───── The records

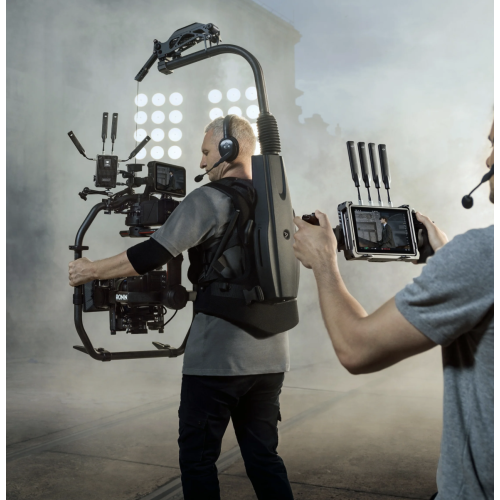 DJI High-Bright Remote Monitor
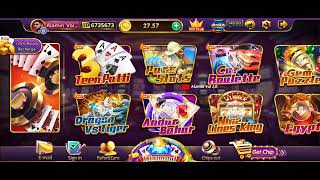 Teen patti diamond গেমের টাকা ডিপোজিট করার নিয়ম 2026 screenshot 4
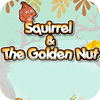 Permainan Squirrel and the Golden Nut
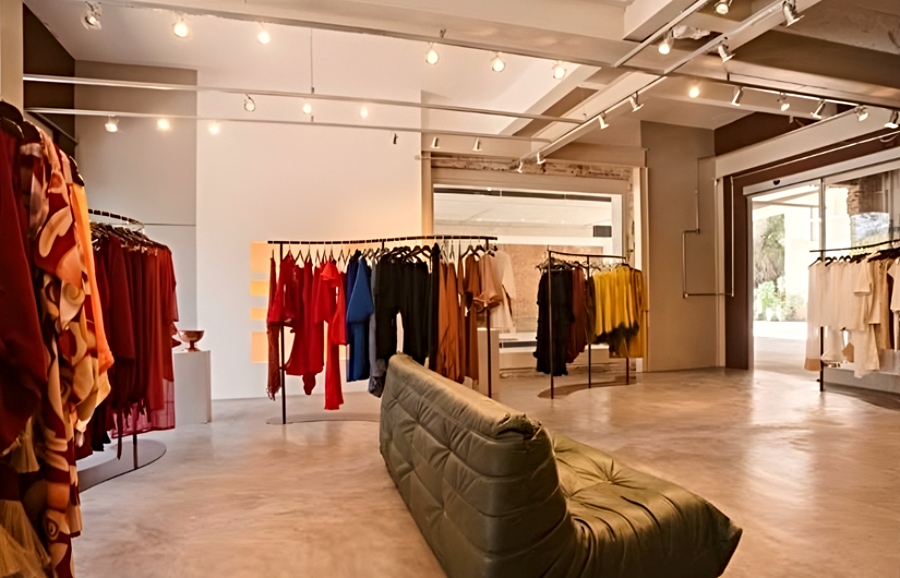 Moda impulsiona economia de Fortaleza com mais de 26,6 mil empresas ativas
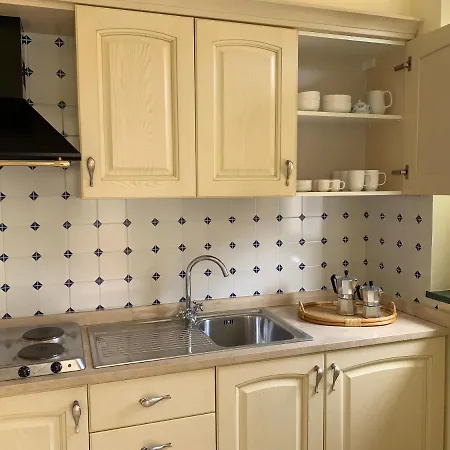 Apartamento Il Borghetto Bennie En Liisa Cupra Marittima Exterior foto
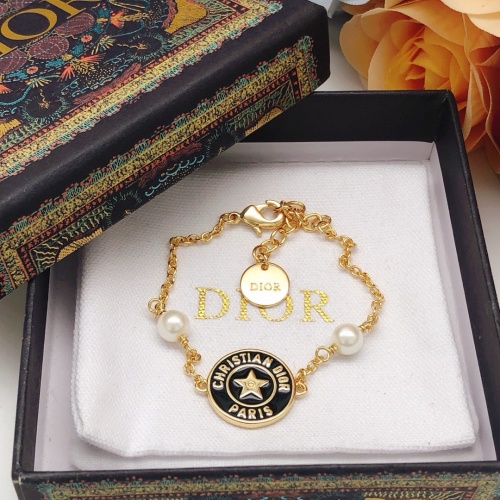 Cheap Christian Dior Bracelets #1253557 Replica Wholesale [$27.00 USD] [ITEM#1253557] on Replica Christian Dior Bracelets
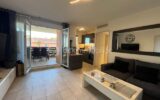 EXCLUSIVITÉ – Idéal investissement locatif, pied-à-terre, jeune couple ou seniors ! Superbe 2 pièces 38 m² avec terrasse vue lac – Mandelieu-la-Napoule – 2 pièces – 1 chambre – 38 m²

──────────

Work required:
Repeat every entry above precisely, leaving each picture out.

Solved problem:
 DJI High-Bright Remote Monitor
 Teen patti diamond গেমের টাকা ডিপোজিট করার নিয়ম 2026 screenshot 4
 Permainan Squirrel and the Golden Nut
 Moda impulsiona economia de Fortaleza com mais de 26,6 mil empresas ativas
 Apartamento Il Borghetto Bennie En Liisa Cupra Marittima Exterior foto
 Cheap Christian Dior Bracelets #1253557 Replica Wholesale [$27.00 USD] [ITEM#1253557] on Replica Christian Dior Bracelets
 EXCLUSIVITÉ – Idéal investissement locatif, pied-à-terre, jeune couple ou seniors ! Superbe 2 pièces 38 m² avec terrasse vue lac – Mandelieu-la-Napoule – 2 pièces – 1 chambre – 38 m²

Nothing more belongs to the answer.